18. De rechtbank heeft ter zitting besproken dat zij niet over de medische informatie van vóór de zwangerschap beschikt. Eiseres heeft ter zitting wel toegelicht dat zij in die periode een opleiding deed en werkte. De rechtbank heeft daarom besloten dat eiseres deze medische informatie alsnog mocht verstrekken, zodat de verzekeringsarts bezwaar en beroep hierop kon reageren. Eiseres heeft vervolgens ervoor gekozen dat zij deze informatie niet wil verstrekken.
Het is echter aan eiseres om met medische informatie te onderbouwen dat er twijfel bestaat over de medische beoordeling door de verzekeringsarts bezwaar en beroep.
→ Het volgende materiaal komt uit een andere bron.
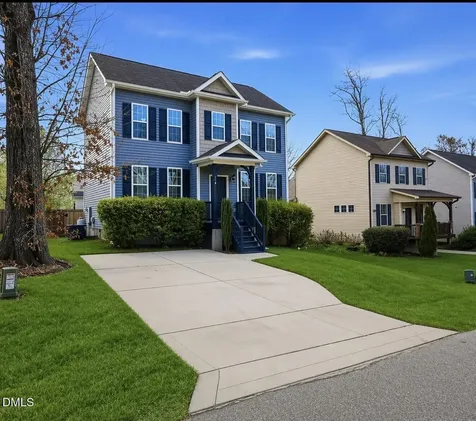 308 Chamberlain Drive Clayton NC 27527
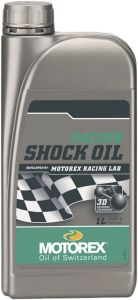 Motorex Racing Shock Oil 25lt  Acid Concrete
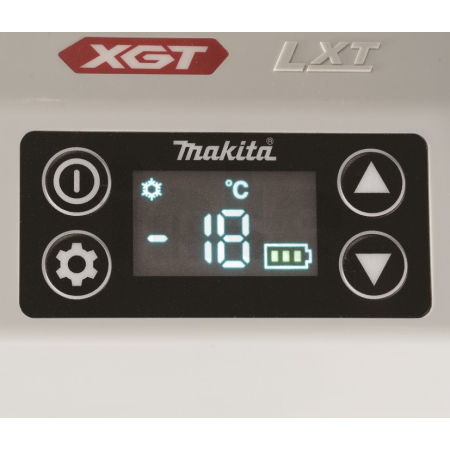 Makita - Aku termobox 50l Li-ion Li-ion XGT/LXT,bez aku   Z CW002GZ01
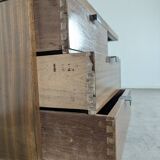 Jacques Hitier's chest of drawers desk published by Charron.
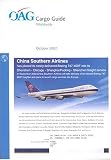 Oag Cargo Guide - From-to Edition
Omdat de rechtbank niet beschikt over medische stukken over de periode vóór de zwangerschap, kan niet worden beoordeeld of er sprake is van causaal verband tussen de klachten van eiseres en de zwangerschap en/of bevalling. Naar het oordeel van de rechtbank biedt de brief van haar huisarts van 21 april 2021, bezien in het licht van de informatie van de huisarts/POH-GGZ van 24 september 2020, onvoldoende aanknopingspunten dat sprake is van zwangerschaps- en bevallingsgerelateerde arbeidsongeschiktheid. De rechtbank is verder van oordeel dat eiseres met de medische informatie die beschikbaar is en met wat zij aanvoert, onvoldoende twijfel heeft gezaaid over de medische beoordeling. Nu eiseres geen nieuwe medische informatie heeft overgelegd ziet de rechtbank onvoldoende aanleiding om de verzekeringsgeneeskundige rapportages voor onjuist te houden. Het is immers juist de specifieke deskundigheid van de verzekeringsartsen om op basis van medisch objectiveerbare klachten beperkingen vast te stellen. Aan hoe eiseres zelf haar klachten en belastbaarheid ervaart, kan in de systematiek van de arbeids(on)geschiktheidsbeoordeling geen doorslaggevende betekenis toekomen. De beroepsgrond slaagt daarom niet.
Conclusie
19. Gelet op het voorgaande is er geen aanleiding om te twijfelen aan het standpunt van de verzekeringsarts bezwaar en beroep dat er geen causaal verband is tussen de klachten en de zwangerschap en/of bevalling, als bedoeld in artikel 29a, vierde lid, van de ZW. Verweerder heeft dus terecht vastgesteld dat eiseres geen recht heeft op een uitkering als gevolg van zwangerschap en/of bevalling.
20. Gelet op het onder 10. geconstateerde gebrek, is het beroep gegrond. De rechtbank vernietigt het bestreden besluit en laat de rechtsgevolgen van het bestreden besluit in stand. De rechtbank ziet echter wel aanleiding om te bepalen dat verweerder het door eiseres betaalde griffierecht moet vergoeden.

Beslissing

De rechtbank:
  • verklaart het beroep gegrond;
  • vernietigt het bestreden besluit;
  • bepaalt dat de rechtsgevolgen van het vernietigde bestreden besluit in stand blijven;
  • draagt verweerder op het door eiseres betaalde griffierecht van € 48,- te vergoeden.
Deze uitspraak is gedaan door mr. S.C.A. van Kuijeren, rechter, in aanwezigheid van mr. A. Belhadi, griffier. De beslissing is uitgesproken op 10 februari 2022 en zal openbaar worden gemaakt door publicatie op rechtspraak.nl.
griffier rechter
Afschrift verzonden aan partijen op:

Rechtsmiddel

Tegen deze uitspraak kan binnen zes weken na de dag van verzending daarvan hoger beroep worden ingesteld bij de Centrale Raad van Beroep.

Voetnoten

1.Zie bijvoorbeeld de uitspraak van de CRvB van 1 maart 2019, ECLI:NL:CRVB:2019:689.